R Programming Plotting

01 - Welcome & Setup

Instructor and Agenda Introduction

Welcome to Introduction to Programming and Plotting with R! This course is designed specifically for researchers who want to harness the power of R for data analysis, visualization, and statistical computing. Whether you're working with experimental data, conducting statistical analyses, or creating publication-quality figures, R will become an indispensable tool in your research arsenal.

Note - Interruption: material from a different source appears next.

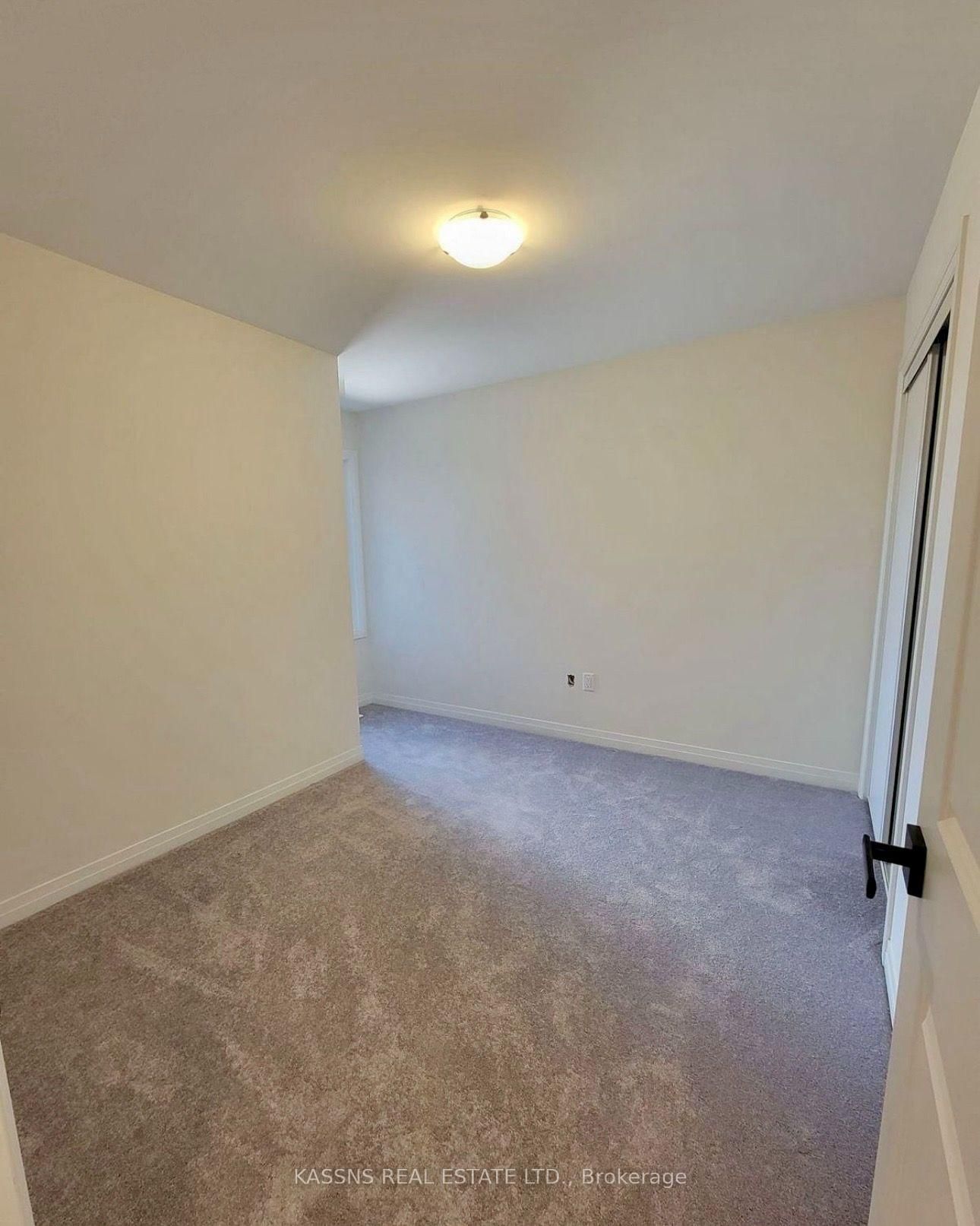 3305 Sixth Line • Oakville, ON photo 22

My name is Victor Gambarini. I have been working with R for more than ten years. I got my PhD from The University of Auckland, where I extensively used R for statistical analysis and data visualization in my bioinformatics research. One of my greatest research outputs is an online database of microorganisms that can biodegrade plastics called PlasticDB. While the web interface was built with Python, all the statistical analyses and data processing behind PlasticDB were done in R using packages like dplyr and ggplot2. We will be covering both of these essential packages in this course!

About This Course

Over the next three days, we'll build your R skills from the ground up, focusing on practical applications that researchers use daily. You'll learn not just the syntax, but how to think statistically and visually about research problems. Another feature of this course is that it includes a lot of practice. Practicing is very important in programming so we can build what they call muscle memory. We will build lots of muscle memory in this course!

Course Structure

  1. Welcome & Setup - Getting started with R and RStudio
  2. Basic Syntax & Variables - Foundation of R programming
  3. Data Structures - Vectors, lists, and data frames
  4. Control Flow - Making decisions and loops in code
  5. Functions - Writing reusable code
  6. File IO - Reading and writing data files
  7. DataFrames 101 - Introduction to data manipulation
  8. Data Manipulation - Cleaning and transforming datasets with dplyr
  9. Basic Plotting - Creating visualizations with base R
  10. Advanced Plotting - Professional figures with ggplot2
  11. Version Control - Git and GitHub for researchers
  12. Final Mini-Project - Apply your skills to a research problem
  13. Additional Resources - Where to go from here

What You'll Accomplish

By the end of this course, you'll be able to:

  • Write R scripts to automate statistical analyses
  • Import, clean, and manipulate datasets efficiently
  • Create publication-quality visualizations with ggplot2
  • Perform common statistical tests and interpretations
  • Apply the tidyverse workflow to research problems
  • Share your code and ensure reproducible research

Prerequisites

No prior programming experience is required! We'll start from the very beginning. All you need is:

  • A computer (Windows, Mac, or Linux)
  • Willingness to install R and RStudio
  • Curiosity and enthusiasm for data analysis

Why Use RStudio

What is RStudio?

RStudio is an Integrated Development Environment (IDE) specifically designed for R. Think of it as a powerful workspace that makes writing, running, and debugging R code much easier and more efficient. It's like having a Swiss Army knife for data analysis.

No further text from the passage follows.